On peut clairement dire que Blindspotting est le bébé de Rafael Casal et David Diggs. Co-scénaristes, producteurs et acteurs principaux, leur nom est partout. Et là où Monsters and Men – également en compétition – rate le coche, Blindspotting s’illustre avec brio dans l’évocation des bavures policières, notamment celles commises contre les noirs à travers le personnage singulier de Collin. Bien décidé à respecter sa conditionnelle, revenir dans le droit chemin et possiblement reconquérir son ex petite-amie, ce dernier gagne honnêtement sa vie en travaillant comme déménageur avec son meilleur ami Miles qui s’avère avoir une mauvaise influence. Et si ce sujet a pu être rabâché déjà de nombreuses fois dans des films plus ou moins récents, Blindspotting frappe très fort dans sa mise en scène travaillée.
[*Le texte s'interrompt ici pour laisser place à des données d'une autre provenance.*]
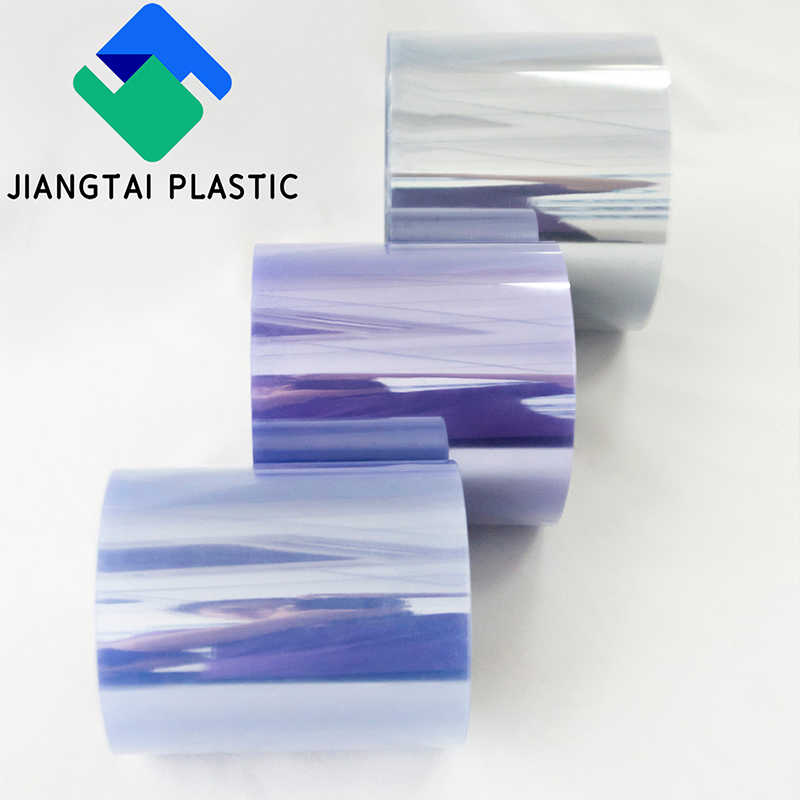 High Quality Pharmaceutical PVC PE Film for Blister Packing Suppository Shell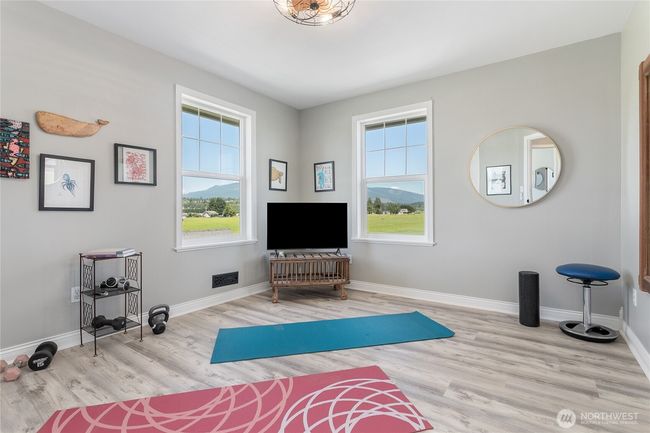 Bedroom 2 with gorgeous mountain views. | Image 19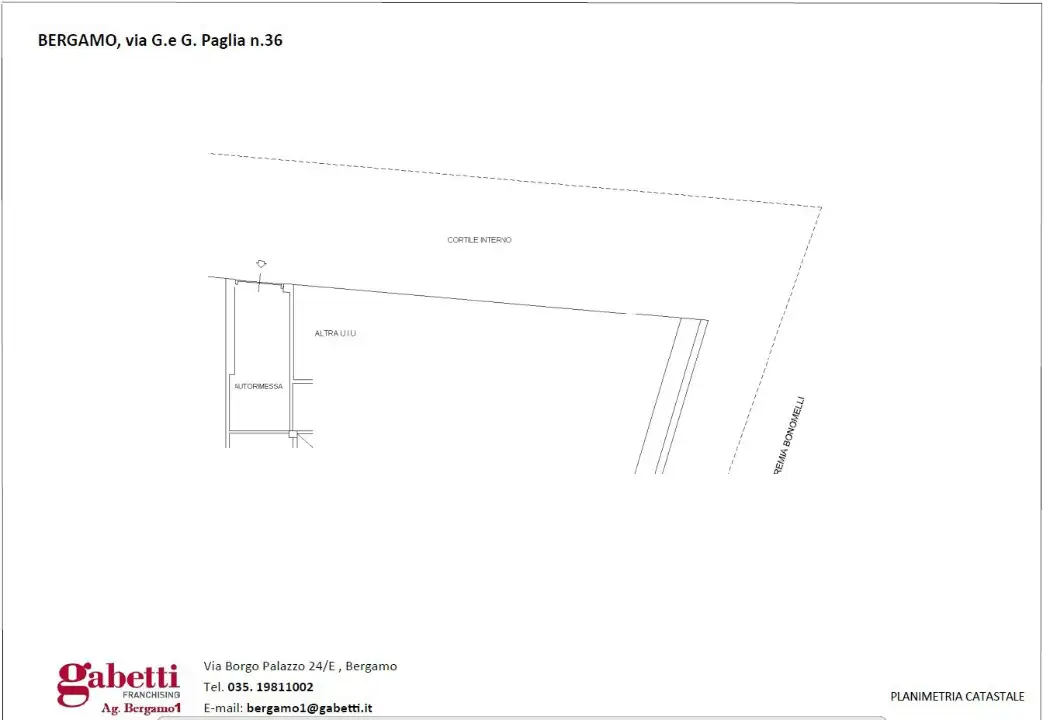 Edificio Direzionale - Planimetry 2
Virant de temps en temps au trip psychédélique – le rêve que Collin fait après avoir assisté à la bavure est exceptionnel – en passant par un sens de la mise-en-scène minutieuse rappelant de temps à autre le cinéma de Wes Anderson – rien que ça -, le rythme est là du début à la fin en jouant autant sur la comédie avec de vrais moments loufoques – la scène des flingues dans un Uber sorti tout droit d’un Fast & Furious sous LSD – que sur le drame avec des passages bouleversants. Les mots plutôt que la violence serait le credo de ce film, d’ailleurs les acteurs principaux qui sont également rappeurs n’hésitent pas à montrer toute l’étendue de leur talent. Le monologue final de Collin est d’une intensité et d’une intelligence rare.
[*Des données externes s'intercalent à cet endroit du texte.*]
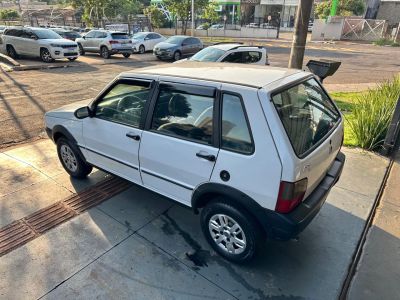 FIAT Uno Mille 1.0 Fire 4p. 2008 - miniatura 4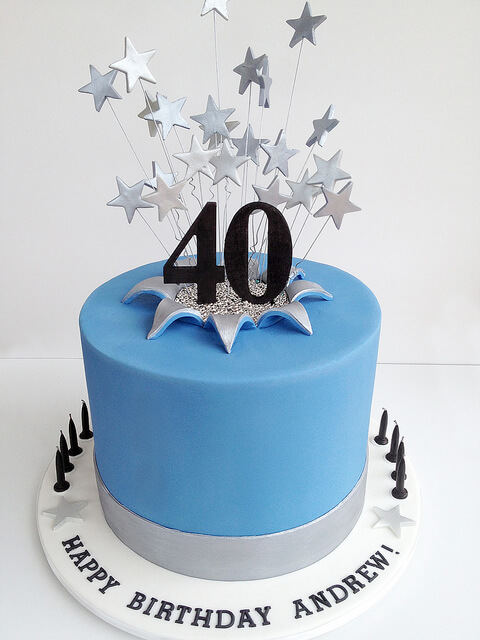 Торт "40"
Proposition aussi culottée sur la forme que sur le fond, Blindspotting est une jolie pépite à l’univers bien singulier, navigant dans les genres pour mieux dénoncer avec une énergie contagieuse. Un vrai petit bijou punchy comme le ciné indé a besoin, et qui par ses dénonciations s’inclue parfaitement dans notre thématique. Un écho que l’on aimerait malheureusement vain tant le problème, abordé par tant de monde, aurait pu être réglé, mais qui rend honneur à ces cinéastes contestataires de tous temps, dont Carlos Lopez Estrada fait définitivement partie.
Blindspotting de Carlos Lopez Estrada. Avec Rafael Casal, David Diggs, Janina Gavankar… 1h35
Sortie le 3 octobre 2018.
[…] ans, Carlos Lopez Estrada faisait trembler les planches de Deauville avec son premier long-métrage Blindspotting. Un petit bijou pop engagé et enragé à l’univers singulier mais au message universel. Que […]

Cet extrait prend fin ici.